Even though he was playing in America, Charlie still had his business interests in the Midlands and would come back during winter.
While in America he was given a film directors apartment to live in. Back in England he liked to buy “large houses with character”.
Elsich Manor is certainly that.
It dates back to 1545 and still has the remnants of a moat outside.
It is believed to have been built by a Richard Baldwyn, whose brother William had been cup bearer to Queen Mary.
Richard’s son, Thomas, was confined for three years in the Tower on suspicion of being implicated in a plot for the release of Mary, Queen of Scots.
The Baldwyns held the estate until 1779 (although they had been letting the house out since 1635). From 1913 to 1953, it was owned by the Edwards family. The buyer, Charlie Edwards was a stockbreeder and auctioneer, and aspiring MP for Ludlow.
In 1976 fire swept through the manor house. Work to repair the damage has been undertaken by a number of owners since.
The Grade II* listing was awarded mainly for the hexagonal tower, but there are many other features worthy of the protection it gives, including studded internal doors, timber frame and wooden floors.
“There is also an original toilet in a little closet upstairs,” reveals Charlie. “It was probably the only one in the house in those days. And there is a minstrel’s gallery in the master bedroom. I have covered it over but you could remove the covering and look right down into the lounge. Also there is a hydraulic floor in the lounge. You press a button and it goes down to the cellar. The previous owner did that.”
Between the drawing room and the sitting room, there are great timber doors. The latter room not only has panels to the wall but also a huge open fireplace. There is another open fireplace in the dining room, this one housing a woodburner.
The kitchen has a country feel, as one might expect in a house like this, which sits in a rural hamlet.
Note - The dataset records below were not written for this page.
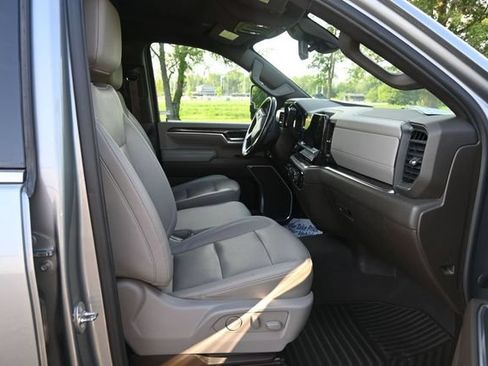 Used 2024 Chevrolet Silverado 3500 LTZ AWD/4WD image 9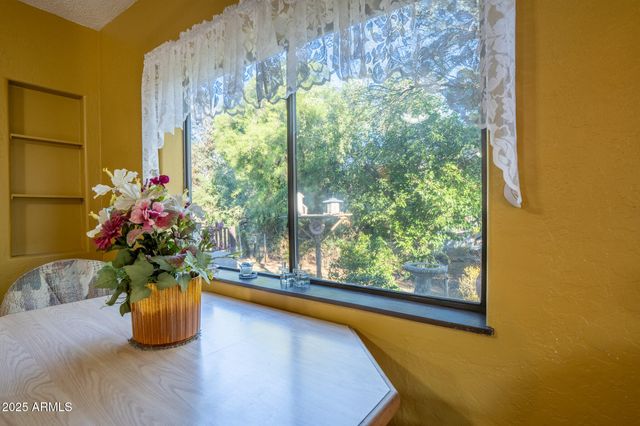 18870 E Mechling Drive, Black Canyon City, AZ 85324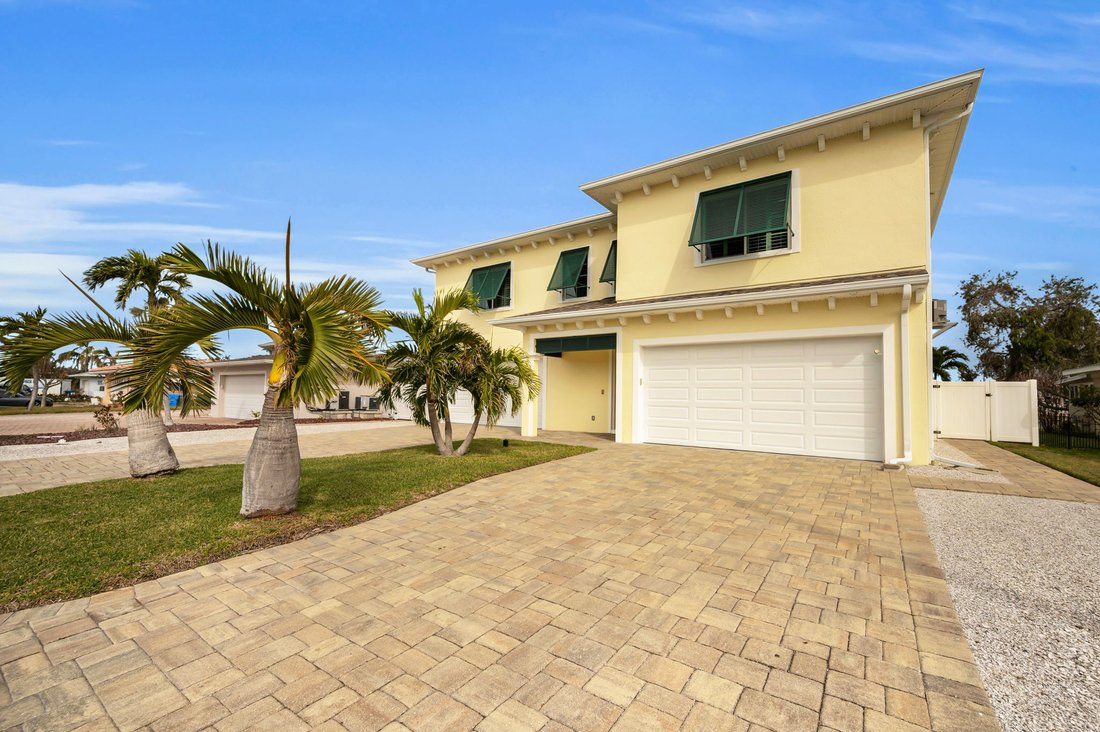 House in St. Pete Beach, Florida, United States 4 - 15084227
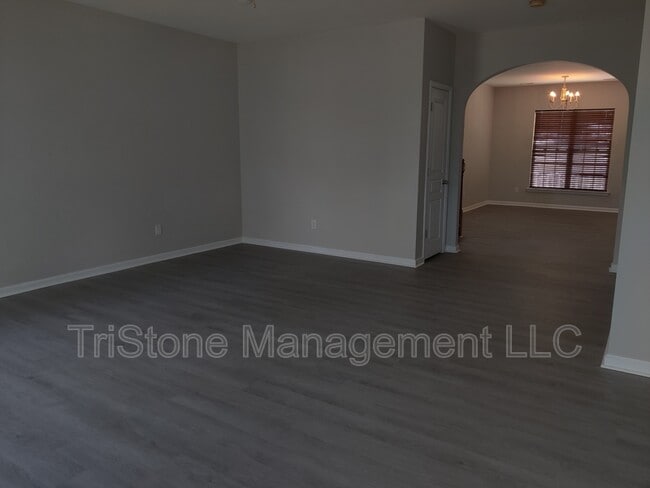 Building Photo - 2536 Carmathen Rd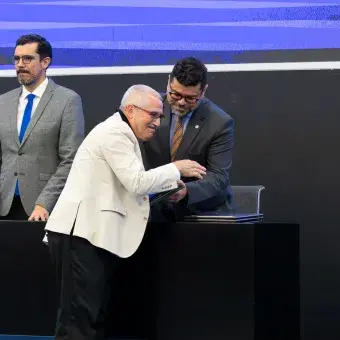 Los asistentes felicitaron a los profesores reconocidos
It has an electric AGA as well as an electric Rangemaster, a butler’s sink and oak units with integrated appliances. Thick beams cross the ceiling of the both the kitchen and breakfast area.
A wooden staircase spirals up the tower from the drawing room to the master suite.
Apart from a bedroom, dressing room and bathroom, it also has a small room off that is used as an office and the Tudor garderobe (toilet). The staircase then continues up to a huge attic room which is packed with possibilities for conversion (subject to planning consents).
Four more bedrooms, three with en suite facilities, can be reached from stairs off the dining room and kitchen.
There are two more bedroom suites on the second floor. Outside the gardens and ground cover 10 acres and include a barn, carport and a summer house.